The second instance was a dispute between Russia and Turkey, called the Russian Claim for Interest on Indemnities case, that lasted from July 22, 1910, to November 11, 1912. While Russia became a Contracting State to the 1907 PCA Convention on January 26, 1910, Turkey was and continues to be a non-Contracting State.

The third instance was a dispute between the French High Commission to the States of Levant under Mandate (Syria and Lebanon) and the Egyptian Government over Egypt’s refusal to have the French Company Radio Orient in Egypt to receive any telegrams. The proceedings lasted from November 11, 1938, to April 2, 1940. Although France became a Contracting State to the 1907 PCA Convention on December 6, 1919, Egypt did not become a Contracting State until November 4, 1968.

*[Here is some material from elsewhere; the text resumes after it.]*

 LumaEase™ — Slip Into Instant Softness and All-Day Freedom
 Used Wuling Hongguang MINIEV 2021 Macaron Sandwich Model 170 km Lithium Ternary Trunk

The fourth instance was a dispute between France and Greece regarding the administration of light houses. The proceedings lasted from July 15, 1931, to July 24, 1956. Although France became a Contracting State to the 1907 PCA Convention on December 6, 1910, Greece was and continues to be a non-Contracting State.

The fifth instance was in 1997 in a dispute between Italy and Costa Rica regarding a dispute over a loan agreement between the two countries. The proceeding lasted from September 11, 1997, to June 26, 1998. While Italy is a non-Contracting State to the 1907 PCA Convention, Costa Rica did not become a Contracting State until after the arbitration on July 20, 1999.

In 1928, a precedence was set for the PCA to allow a dispute between a “private entity” and a State. In this case, there was a dispute centered on a contract between China and Radio Corporation of America—Radio Corporation of America v. China. The proceeding lasted from November 10, 1928, to April 13, 1935. The jurisdiction of the PCA was invoked by China, that became a Contracting State on January 26, 1910, according to article 47 because it involved a “special Board of Arbitration” that was not established by the PCA.

While China was the first Contracting State to have a dispute with a “private entity” that came under the jurisdiction of the PCA in 1928, the Larsen case was the first instance that the PCA had jurisdiction over a dispute between a non-Contracting State—the Hawaiian Kingdom and a “private entity”—Larsen in 1999.